DATASET EXTRACT:
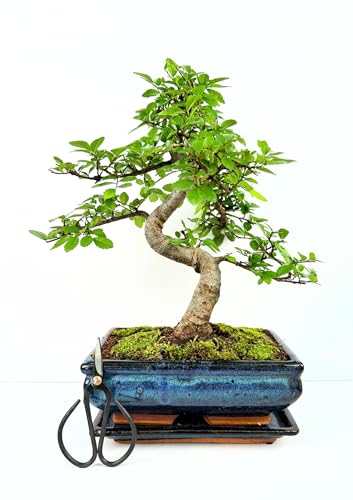 Bonsai Baum mit Keramik Blumentopf ca. 25-35cm hoch, Untersetzer und Schere - Bonsai-Geschenkset - (20 cm Schale ca. 8-9 Jahre, Bonsai Chinese Ulme) von Bonsai LT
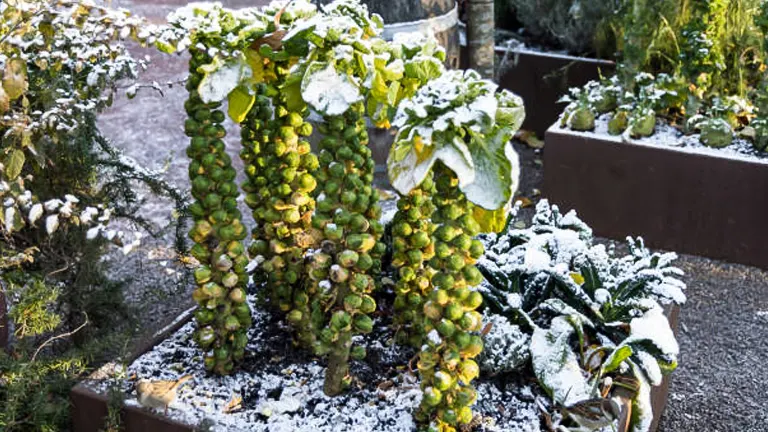 Brussels sprouts plants heavily laden with sprouts, dusted with snow in a garden bed, highlighting their resilience in cold weather.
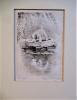 - NARCISSUS - ORIGINAL ETCHING SIGNED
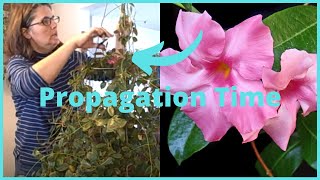 Part 2 How to Propagate  Propagating Dipladenia Mandevilla Vine Indoors [upl. by Artemus409]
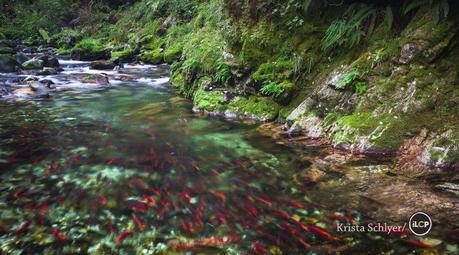 Kokanee salmon spawning.  The Clearwater Expedition looked into land and forest use in the Clearwater Basin of Idaho, one of the largest expanses of wild forests in the lower 48 states. 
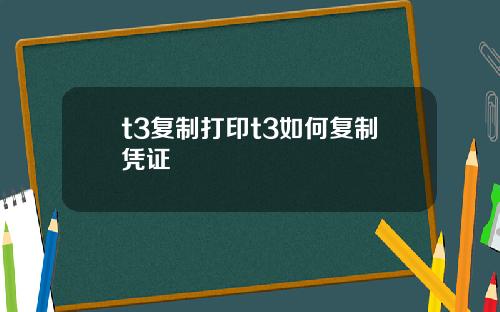 t3复制打印t3如何复制凭证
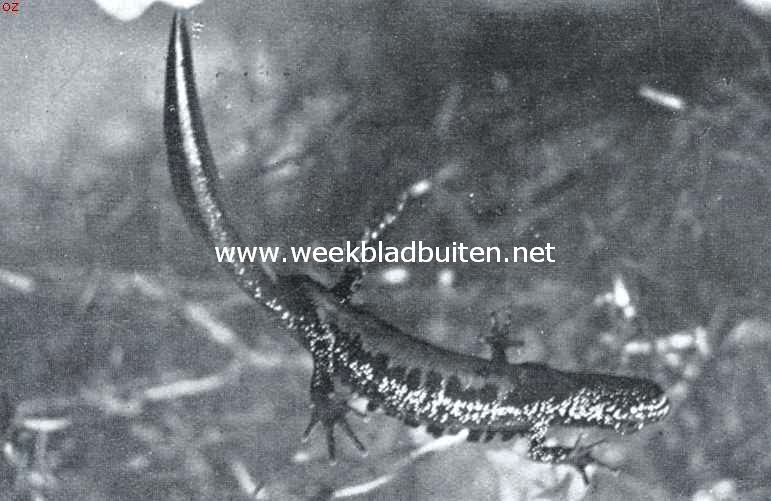 Over Nederlandsche amphibin. Het mannetje van den grooten watersalamander draagt in het voorjaar een hoogen, sterk getanden rugkam, door een donkere tint contrasteerend met den gelen buik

WHAT TO WORK ON: Skip the pictures and transcribe the rest of the records exactly.

ANSWER TO THE EXERCISE:
 Bonsai Baum mit Keramik Blumentopf ca. 25-35cm hoch, Untersetzer und Schere - Bonsai-Geschenkset - (20 cm Schale ca. 8-9 Jahre, Bonsai Chinese Ulme) von Bonsai LT
 Brussels sprouts plants heavily laden with sprouts, dusted with snow in a garden bed, highlighting their resilience in cold weather.
 - NARCISSUS - ORIGINAL ETCHING SIGNED
 Part 2 How to Propagate  Propagating Dipladenia Mandevilla Vine Indoors [upl. by Artemus409]
 Kokanee salmon spawning.  The Clearwater Expedition looked into land and forest use in the Clearwater Basin of Idaho, one of the largest expanses of wild forests in the lower 48 states. 
 t3复制打印t3如何复制凭证
 Over Nederlandsche amphibin. Het mannetje van den grooten watersalamander draagt in het voorjaar een hoogen, sterk getanden rugkam, door een donkere tint contrasteerend met den gelen buik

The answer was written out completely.